A Deeper Dive into Summary Levels

Summary Levels and Area Names

There are rigorously followed conventions for how the Bureau attaches names to geographic entities so that they can be readily identified. The name always describes the last entity for a hierarcical summary, sometimes followed by the notation "(part)". So here is what we get when we extract rows from the 2000 SF3 national ("B") file for the St. Louis metropolitan area:

Notice the areaname values for the two 381 state portion summaries: you get the name of the state rather than the name of the metro area or a combination thereof. When viewed in context as it is here it makes pretty good sense. But when you work with the file and extract all the state-portion summaries and try to do analysis on them, it becomes a problem not having the name of the metro area on the records. Even when the MSA is contained entirely within a single state, the Areaname identifies the state rather than the metro area — we get "Texas (part)" instead of "Abilene, Texas Metropolitan Statistical Area".

Here is a listing of all the 390 level summaries on the Missouri "A" file:

The names here are much more informative. They even use the parenthetical "(part)" notation to inform the user that the metro area spans states and this is only the part within Missouri. On the national file 381 summaries the word "(part)" is always appended, regardless of whether or not the MSA spans states.

Notice the GeoCode column shown in these extracts. This is not a Census Bureau field; it is one that the Missouri Census Data Center tries to add to most of our multi-summary level datasets. It contains the codes for all the fields that comprise the summary level, separated by by dashes. Thus the 381 level has 7040-29 for the Missouri portion of the St. Louis MSA, while the corresponding 390 level value is 29-7040.

Summary Levels by Size and Type

The summary level code for a place (the Bureau uses the the term "place" to mean an incorporated city or town, or a census designated place, which is a census-defined entity that has no legal definition but is used as a unit for data reporting) is 160. At least that is the code used on the 2000 SF3 files (per the Summary Level Sequence chart shown above). When the summary is for the portion of a place within a county the summary level code is 155.

So when the Bureau releases their "sub-county" population estimates, which include estimates for multiple geography types including places and minor civil divisions (county subdivisions that are legally recognized governmental units), they use summary level codes to identify the various levels summarized. Both complete place and place-within-county summaries are provided. You might expect to see these codes (155 and 160) used on these files. But here is what we get:

The expected 160 codes are 162s and the expected 155s are 157s. The explanation is that the Bureau uses a different code for these geographic units because the estimate do not include any CDPs (census designated places). A similar situation exists for the data estimated at the MCD level. MCDs are county subdivisions so you might expect 060 summary level codes.
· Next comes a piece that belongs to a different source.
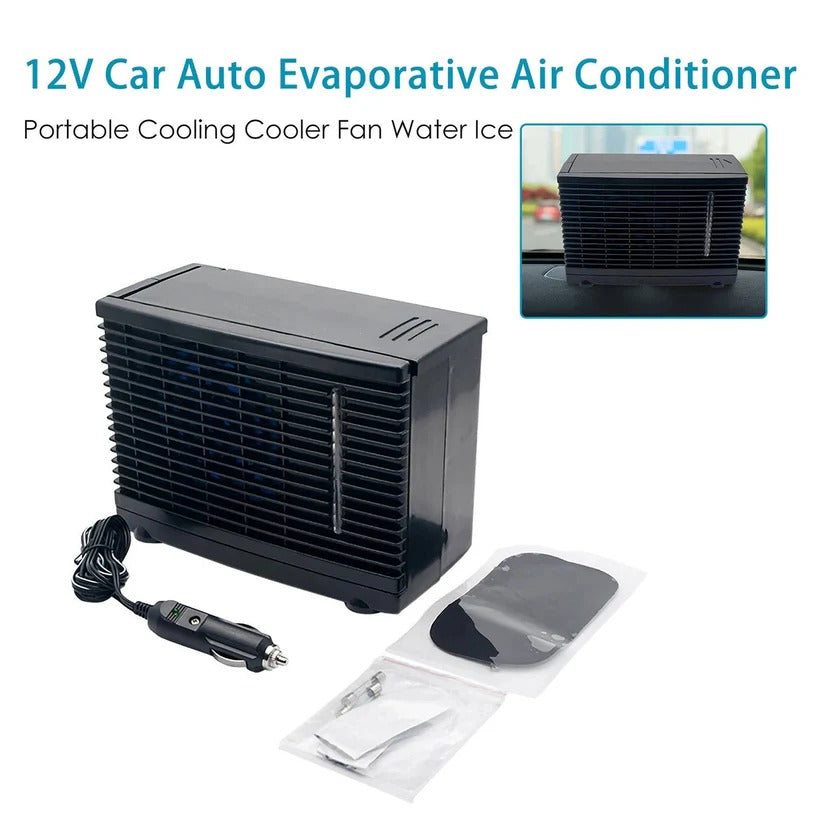 12V Car Air Cooler — Compact Design, Water Tank, Quiet Motor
But instead you will see only 061 codes instead. These are a subset of the entities included within the 060 category.

This same thing happens when there is a geographic size limitation. In the 1990 national summary file they reported data at the place (city) level only for cities of at least 10,000 population. The summary level code used on those files was 161 rather than 160.

The moral of the story is that there may be more than one summary level code used to describe a geographic entity, depending on the context of where the summary data appears.

Historical Variations

The concept of a geographic summary level code has been around at least as long as the Census Bureau has been producing summary files (or "Counts" as they were called in the 1970 decennial census). For the 1970 and 1980 data products a 2-digit code was used. 01 was the code for a national total, 02 for a region, 03 for a division, 04 for a state and, you might expect, 05 might be a county. But actually 11 was the code for a county summary and all the rest are of no particular logical relationship to the new 3-digit codes that went into effect with the 1990 census products. Like a lot of historical facts, this does not have a lot of practical application. Unless maybe you happen to be required to go back and use some original census summary files from that earlier era. If you use data stored in the MCDC data archive, such as the stf803 and stf803x2 data directories ("filetypes"), you will see 3-digit SumLev variables that we created by converting the original 2-digit codes.

Metropolitan Areas

Metropolitan areas is an umbrella term that actually covers a number of different geographic entities. If you take the term as it has been used over time then there are numerous other entities that could be included. On the alternate chart we mentioned above, they have an entry labeled "core based statistical areas" instead of metropolitan areas. The CBSA terminology, used to describe a new system for defining these kinds or urban media-market type areas that was developed around 2000, has been discouraged by the Bureau and is not seen too often any more on their web site or in their documentation. A CBSA is either a metropolitan statistical area or a micropolitan statistical area, depending on the size of the core area. The CBSA entities were created as a replacement for the previous generation of comparable entities used from about 1982 through 2000, which were referred to as MSAs, CMSAs (Consolidated MSAs) and PMSAs (Primary MSAs). MSAs were simple stand-alone metro areas like St. Louis and Kansas City, while CMSA's were much larger urban entities that were made up of adjoining PMSAs. For example, the Dallas-Forth Worth, TX CMSA is comprised of the Dallas and Ft. Worth PMSAs). It was a little bit complicated and confusing and the CBSA's were an attempt to improve on the concept, especially by introducing the Micropolitan Statistical Areas which were just like the MSAs but on a smaller scale. Accompanying the new CBSA entities came two other related entities, Consolidated Statistical Areas (CSAs — combinations of adjoining CBSAs) and Metropolitan Divisions (sub-areas of CBSAs, which are roughly equivalent to the PMSAs of the earlier system).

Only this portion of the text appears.